Task to carry out: Go through the listing below and retype exactly the lines starting at the one with "Relaxed confident young" and ending at the one with "Power Line Towers Against Starry Night Sky", skipping pictures.

Source records:

....................

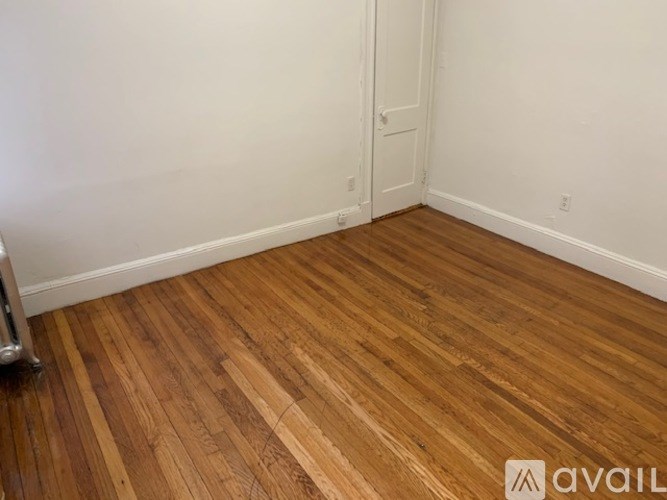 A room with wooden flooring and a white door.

....................

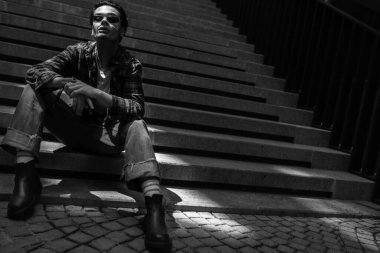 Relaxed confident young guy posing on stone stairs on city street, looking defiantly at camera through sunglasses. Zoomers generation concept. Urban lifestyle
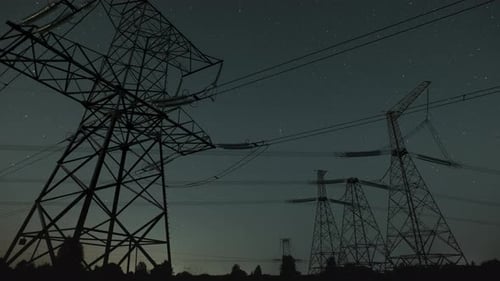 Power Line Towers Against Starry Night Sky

....................

Solution to the exercise:
 Relaxed confident young guy posing on stone stairs on city street, looking defiantly at camera through sunglasses. Zoomers generation concept. Urban lifestyle
 Power Line Towers Against Starry Night Sky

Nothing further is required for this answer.